I was awake at around 8. Played two games of chess on my phone and eventually got out of bed at around 9. I made a coffee and a smoothie for myself, and played the piano for about an hour to warm up my body. It’s the coldest day of the year today, and I was mostly ironing out some unsmooth bits in the tango piece I’ve been trying to graduate from (ie record a video of it) but failed two attempts thus far.
I then took a shower, moisturized my face and limbs, dried my hair, meditated with my fresh scented body for 20 minutes, and texted my friend Tom about my preference to stay in tonight. (We loosely talked about meeting tonight even though he loathed NYE and would rather hibernate through it.) I was playing chess against a bot when someone called, someone I’m casually involved with. I was remotely delighted to receive the call, but started to feel the need to hang up after 10 mins. A little over 11, I started to wash the rice. When waiting for the rice to be cooked I read my book in the living room (Housekeeping by Marilynne Robison). The music playing was Nina Simone. My lunch – braised ribs today – was prepared by my part-time cleaning lady, Lan, who comes every Saturday. Two weeks ago I asked if she could try making meals for me and she gladly jumped on the extra income. So every Saturday, she’d make the amount of food (two dishes) for about a week and I’d put them into boxes, and boxes into the freezer. For each meal I’d defrost a box and heat it up. I inherited the idea from a terminated tinder date that I went out three times with. I definitely mocked at him when he told me this was how he managed his work week meals and secretly I thought, maybe I should try that too. And I did. I have to admit it’s kinda genius.

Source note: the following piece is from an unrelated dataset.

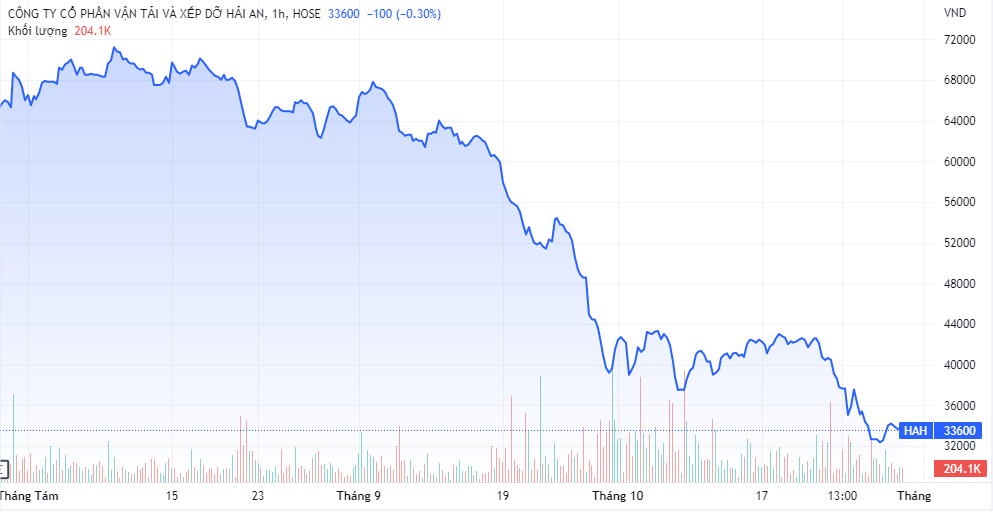 Diễn biến giá cổ phiếu TNI thời gian gần đây. Nguồn TradingView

I ate my lunch – braised pork and freshly cooked rice – with an episode of In Treatment. I cried a little bit at the end, (it was very moving), and realized it’s been a while since I last cried. After lunch, I got dressed properly and left the house for some errands. It’s the last work day of the year and I gotta go to the bank for some stupid reason. The weather was chilly and sunny, which made the walk to the mall a pleasant one. After the bank, I took a stroll to Muji and M&S and found nothing to buy. I snatched a takeaway coffee and on my way home, took a detour to the park and sit under the sun for a while, sipping my coffee. The last stop before home was the fresh market, where I bought two avocados, 3 pounds of sugar orange and two bouquets of fresh flowers, one purple-ish, one yellow-ish.
It was 4 when I was back home. I arranged the flowers into the vases and wasn’t sure what to do next. After two more games of chess, I put on some Thelonious Monk, and sat down in front of the desk for the first time of the day. The coffee was getting cold, so was the day.
I’d admit. I was contemplating writing a year-end essay all this time, as I usually do. But somehow, some part of me wasn’t convinced of the idea. Is it more of a gesture than of any actual meaning? Do I really owe myself, or anyone, such a gesture? Most importantly, deep down I know there’s nothing groundbreaking I could possibly write, as some kind of reflection of an unimaginable year. I’ve come across numerous “look back at 2020” kind of contents, people hastily making mental closures, plowing for the positive meanings and takeaways, and desperately wishing for a brighter, freer year. For the whole day, I was hoping these sentiments would arise so I could seize it and sugarcoat the hell out of it. But they never really came. There wasn’t a moment of epiphany. I went on with the day as how I lived most of my days in the past year, ordinary, alone, placid. I wrote it down becoz this is the only thing I could write about.
On the last day of this year, I still feel amazed at how I could live the kind of placidity that I always wished for in such an unexpected way; and how – despite my longtime yearning for the simple and solitary way of living – difficult it really is. Underneath the tranquil surface, is a delicate balance that I constantly struggle to strike. There are times I could have melt myself in the gentleness of being, and there are times I just wanna scream the solitude out of my flesh. I have briefly harboured some, mostly out of the need of companionship. Also have I remorselessly steered away from many. Ultimately, it’s a year I’ve been (voluntarily or involuntarily) more devoted to the single life than I could ever imagine. The “single” here isn’t referring to one’s relationship status, but rather an unreserved acceptance of one’s sheer existence, as imperfect as it might be, and a persistently conscious effort to be compatible with it. On this, as strange as it might sound, being through 2020 isn’t bringing me any sense of ending. It’s merely the beginning.